Every law firm needs a legal data strategy. Data strategy is the future of law and having one can open a whole realm of advantages. A data strategy can help to measure, monitor, and manage resources and service providers; model and improve processes; allocate tasks across internal and external resources; allocate tasks across risk management strategies (such as ADR); assess cost and quality of services; and provide a clear picture of a firm’s performance to its board and clients.

But what is a data strategy? Today, we’re taking a slight detour from our usual blog posts to answer that question.

Defining Data Strategy 

When we talk about data strategy, we’re talking about a comprehensive, top-down approach that delves into an organisation’s data to affect all kinds of improvement.

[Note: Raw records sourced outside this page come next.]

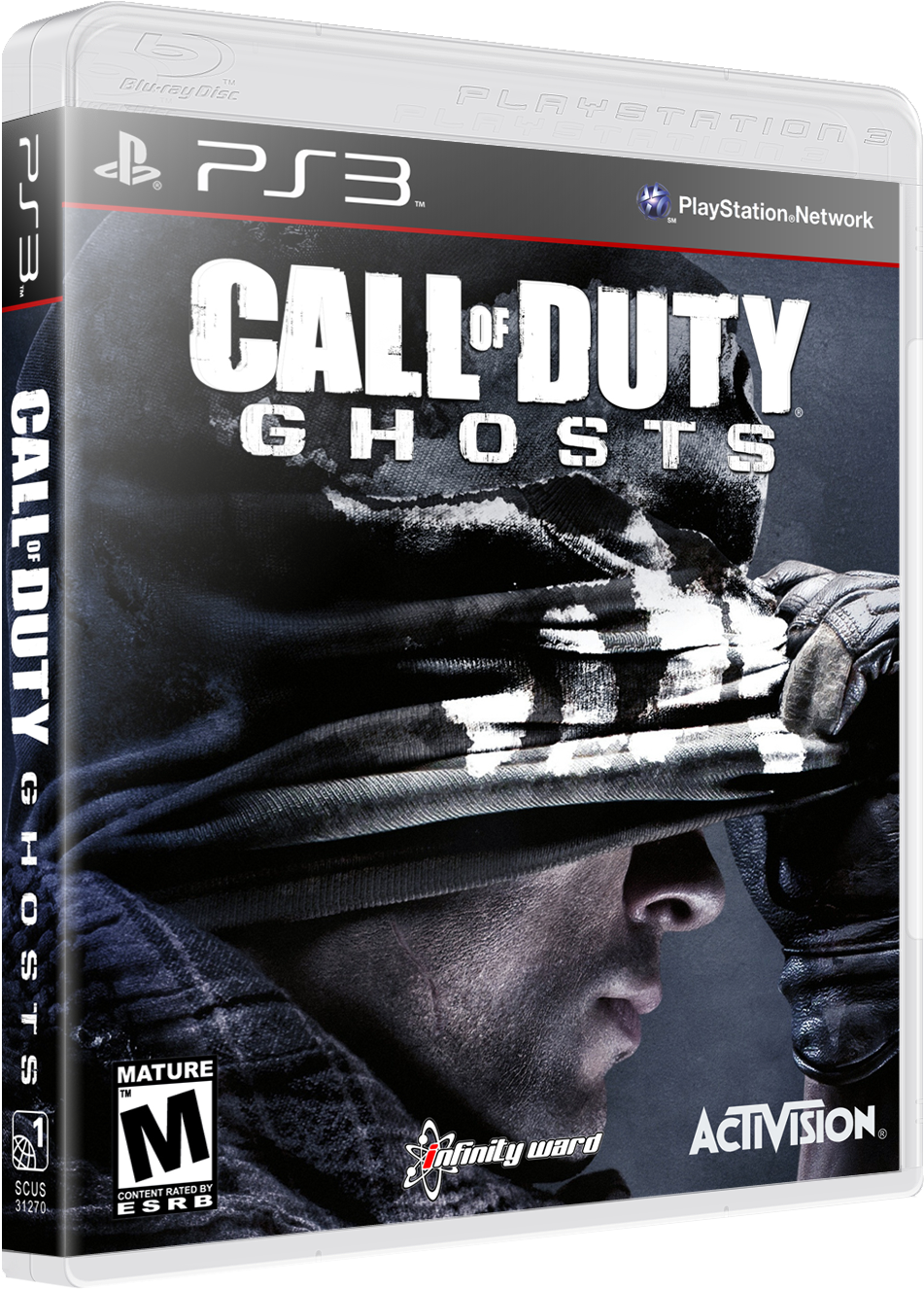 Call Of Duty - Activision Funny Clipart (984x1365), Png Download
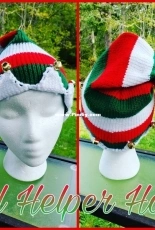 Lil Helper Hat by Michelle Rynsai-Free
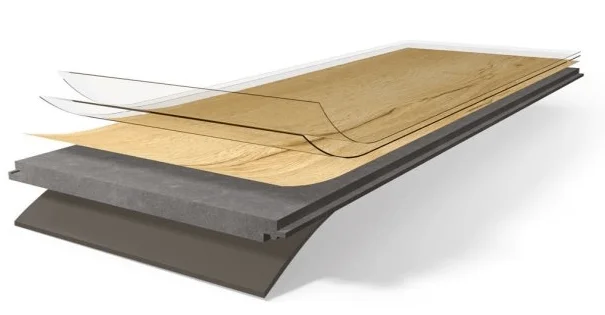 Parador vinyl Basic 5.3 - Ek Cambridge natur, Planka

We want data on our firm’s cases and clients, data on personnel and communication, data about resources, and data about risk management and uncertainty. Any record of fact that we have, we can use to elevate and improve a firm. Once we collect data, we can observe the kinds of patterns that develop, make an interpretation of that information, and make inferences and plan for the future with as much skilful preparation as possible.  

When is Data Valuable? 

Sometimes it’s hard to know what data is valuable and what isn’t. We typically place a high value on events that happen frequently with relatively low impact and events that occur infrequently but have a high impact – something that is a small factor present every day, like a routine meeting or report, versus a big one-time event, like the completion of a big case that’s taken most of a year to execute. Too often, we view these different aspects of an operation as discrete entities not inherently related. Without a data strategy, we may miss tiny patterns in operations that could be having a more significant impact than one might at first suspect.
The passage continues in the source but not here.